Quantifying the biomass of all the organisms on Earth was trickier, on account of the planet not keeping good records of exactly how much life is out there. The researchers had to tally everything from giant species like the blue whale all the way down to the microbes that blanket the land and swirl in the oceans. “The biggest uncertainties, actually, in the overall biomass, is in respect mostly to plants, mostly trees,” Milo adds. “It’s not easy to estimate the overall mass of roots, shoots, leaves.” But here, too, Milo and his colleagues could pull from previous estimates of biomass up and down the tree of life and incorporate data from satellite monitoring of landscapes to get an idea of how much vegetation is out there.
They also considered the change in biomass over time. For instance, they note that since the first agricultural revolution, humanity has been responsible for cutting plant biomass in half, from 2 teratonnes to one. At the same time—particularly over the past 100 years—people have been creating ever more anthropogenic mass. Not only has production been increasing exponentially, but as that stuff reaches the end of its usefulness it’s simply discarded if it isn’t recyclable.
In other words, all that crap is piling up while humanity continues to obliterate natural biomass, to the point where the mass of each is now about equal. “They produce this, I think, very eye-catching and also strong message that these two types of stocks—the biomass stock and anthropogenic mass—they are actually at a crossover point more or less in 2020, plus or minus a couple of years,” says social ecologist Fridolin Krausmann of the University of Natural Resources and Life Sciences, Vienna, who wasn’t involved in the research but was a peer reviewer for the paper.
The two stocks turn out to be intimately intertwined. The relentless destruction of biomass is largely a consequence of deforestation in pursuit of industrialization and development. But our built environment is also generally awful for wildlife: Highways slice ecosystems in half, birds fly into buildings, sprawling developments fester like scars on the landscape.
The buildup of anthropogenic mass is also linked to the climate crisis. The production of materials is extremely energy-intensive, for one. In the case of cement production, that climate effect comes from powering the manufacturing process and also from the chemical reactions in the forming material that spew carbon dioxide.
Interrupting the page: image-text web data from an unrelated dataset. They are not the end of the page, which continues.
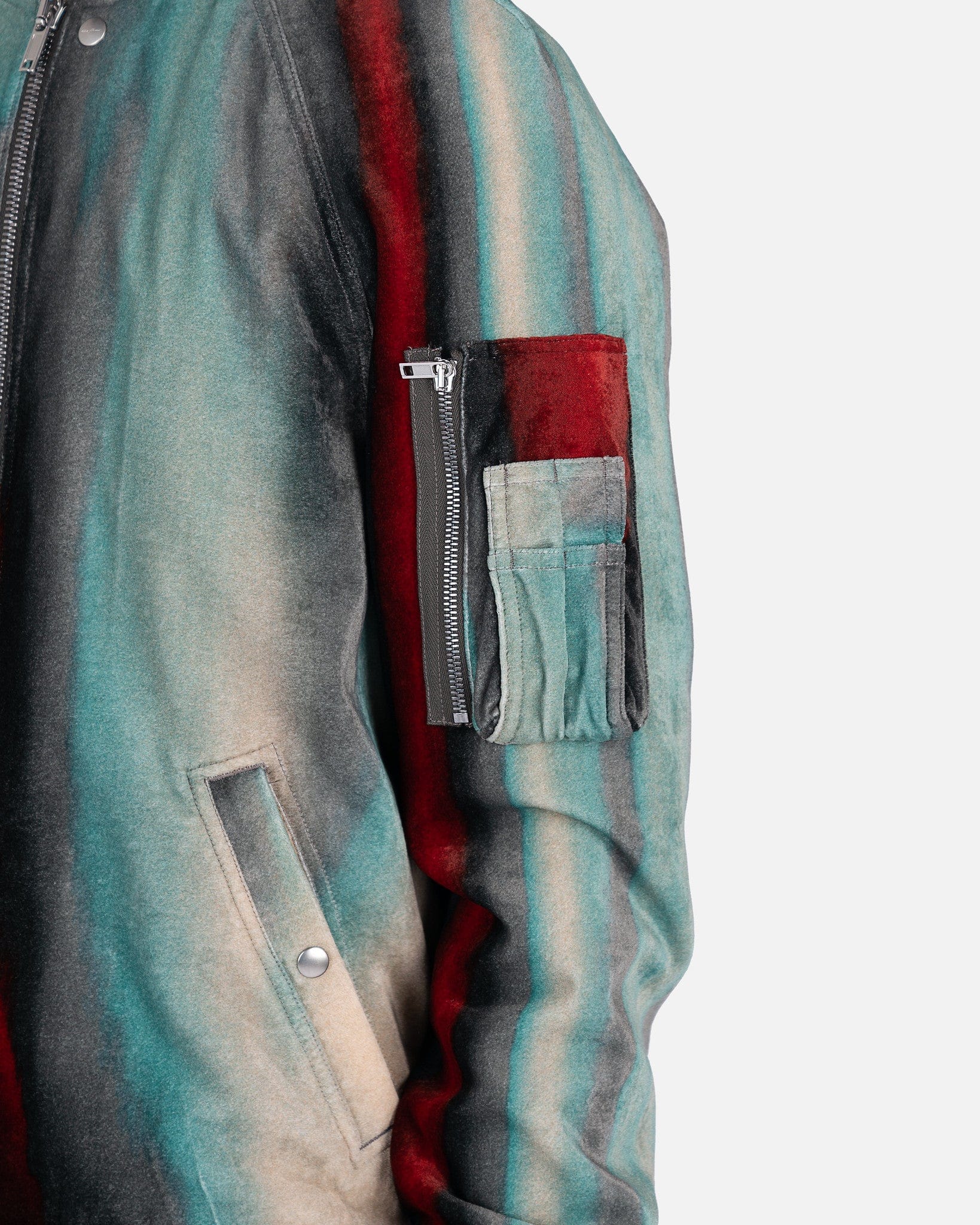 Raglan Flight in Teal/Red – SVRN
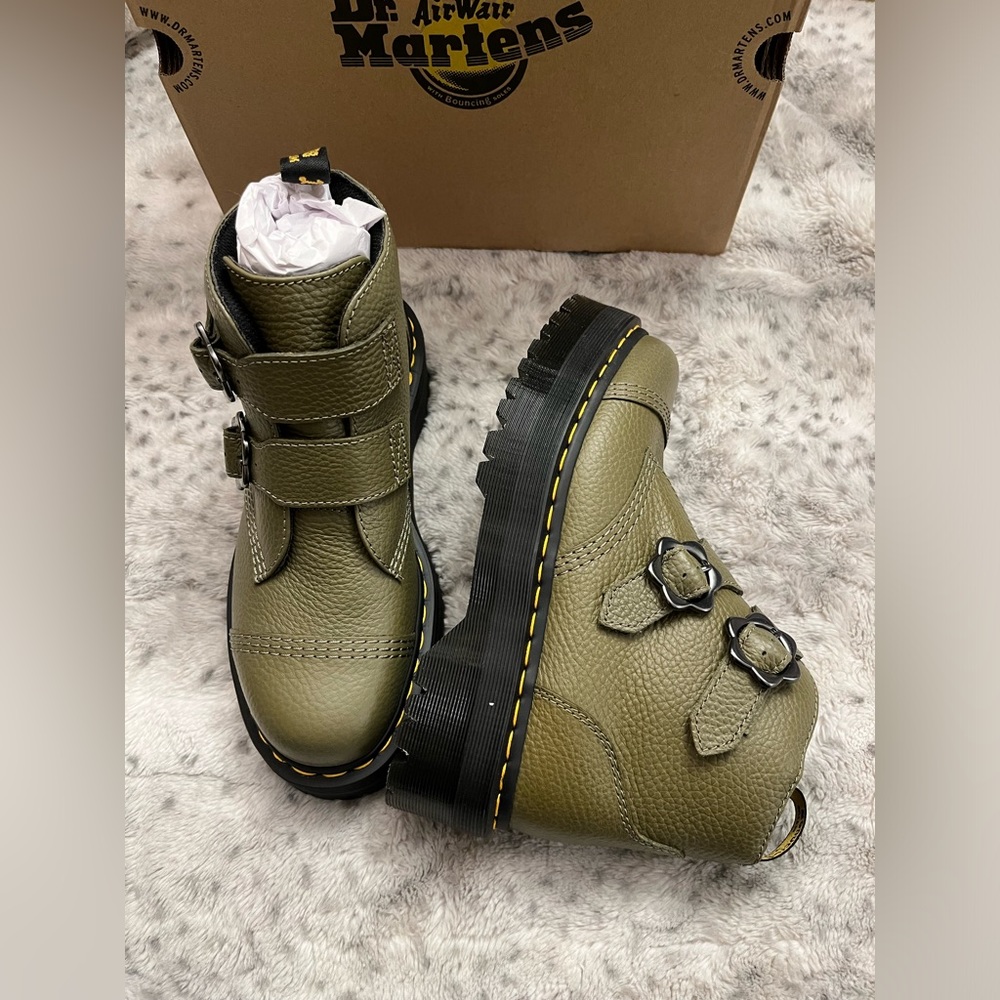 Dr Martens DEVON FLOWER BUCKLE PLATFORM MSRP$240 in Khaki Green RARE FIND COLOR - Picture 16 of 16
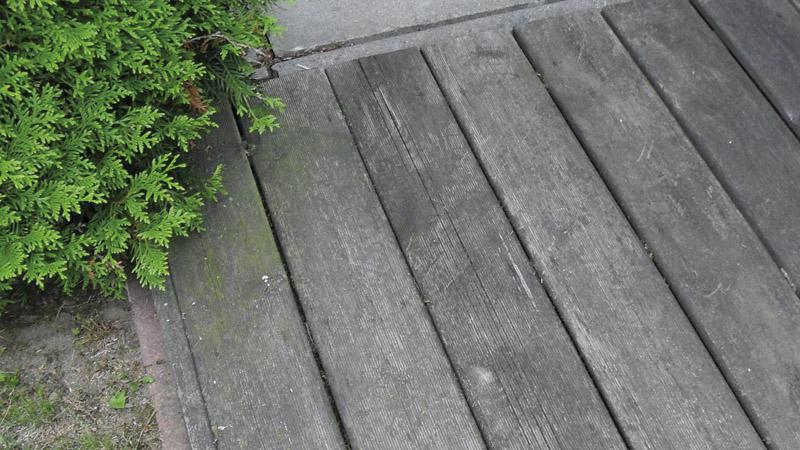 Holzreiniger - zur Reinigung aller verschmutzten Holzflächen / Terrassen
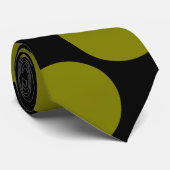 Große olivgrüne Punkte auf schwarzer Krawatte (Gerollt)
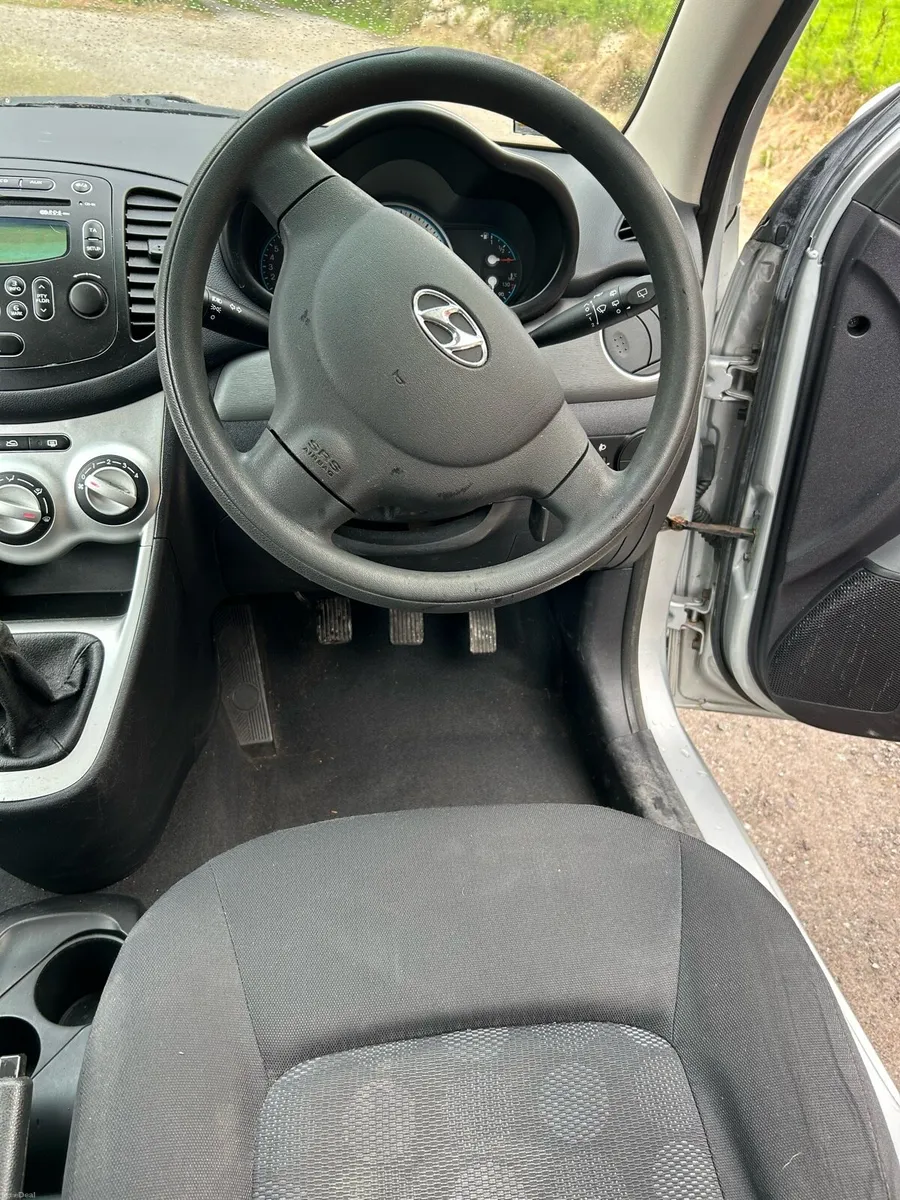 Hyundai i10 ONLY 77000 KM - Image 6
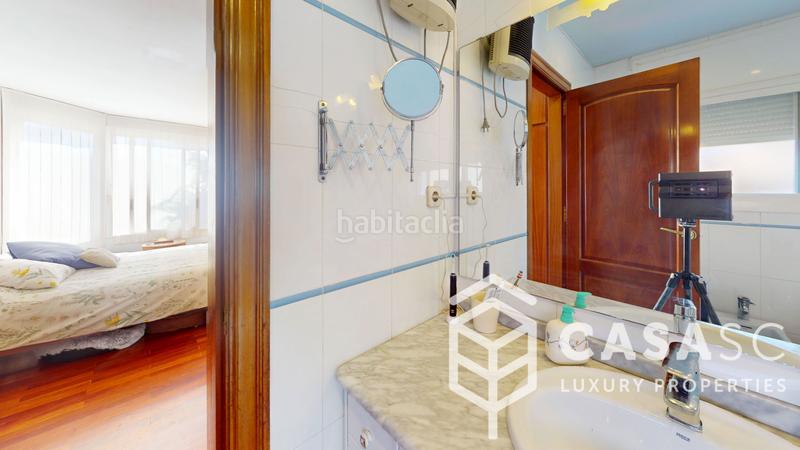 Foto 5163195e-9ed0-48d5-bce6-13009f5caf54. Casa amb xemeneia calefacció aparcament piscina a Sant Cugat del Vallès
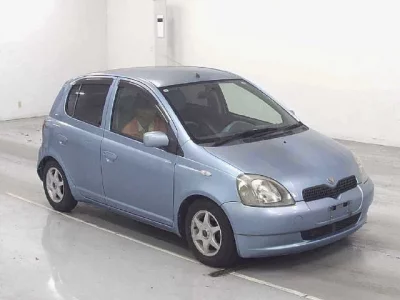 Toyota VITZ  с аукциона в Японии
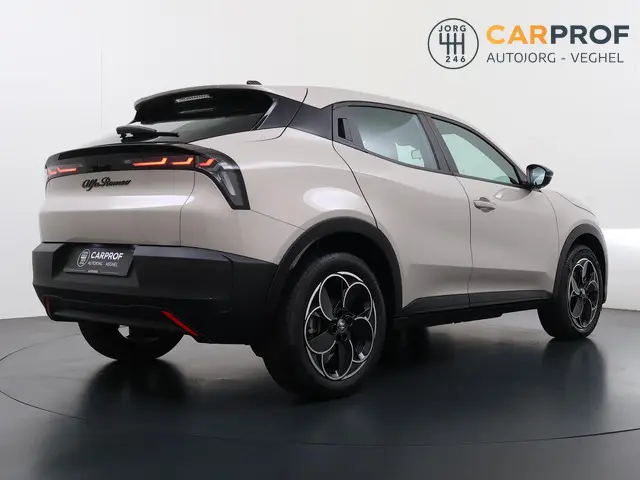 Alfa Romeo Junior Elettrica 54 kWh LMV | Apple CarPlay | SOH 96%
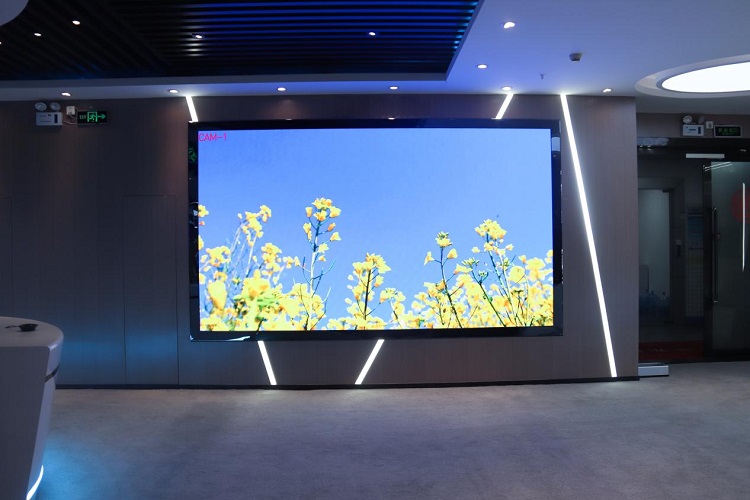 显示行业持续细分化，华邦瀛重点发力COB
If the cement industry were a country, according to the climate change website Carbon Brief, it’d be the world’s third most prolific emitter.
As economies the world over continue to grow, humanity has locked itself into a vicious cycle of snowballing the growth of anthropogenic mass. “On the one hand, economic growth drives the accumulation of this mass,” says Krausmann. “And on the other hand, the accumulation of this mass is a major driver of economic development.” China has been a particularly big contributor as of late, Krausmann adds, as the nation has rapidly and massively built up its infrastructure. Which is not to lay the blame on any one country—we’ve made this mess together as a species. And the modeling in the Nature paper was global, not on the scale of individual nations. “But I think it would be interesting to study that in the future, and really see those changes in different regions or in specific countries,” says Elhacham.
What’s abundantly clear at the moment is that anthropogenic mass has grown unchecked and become a nefarious crust over the planet. “This exponential growth of the anthropogenic mass cannot be sustainable,” says Krausmann, “even though we don’t know exactly where the threshold might be.”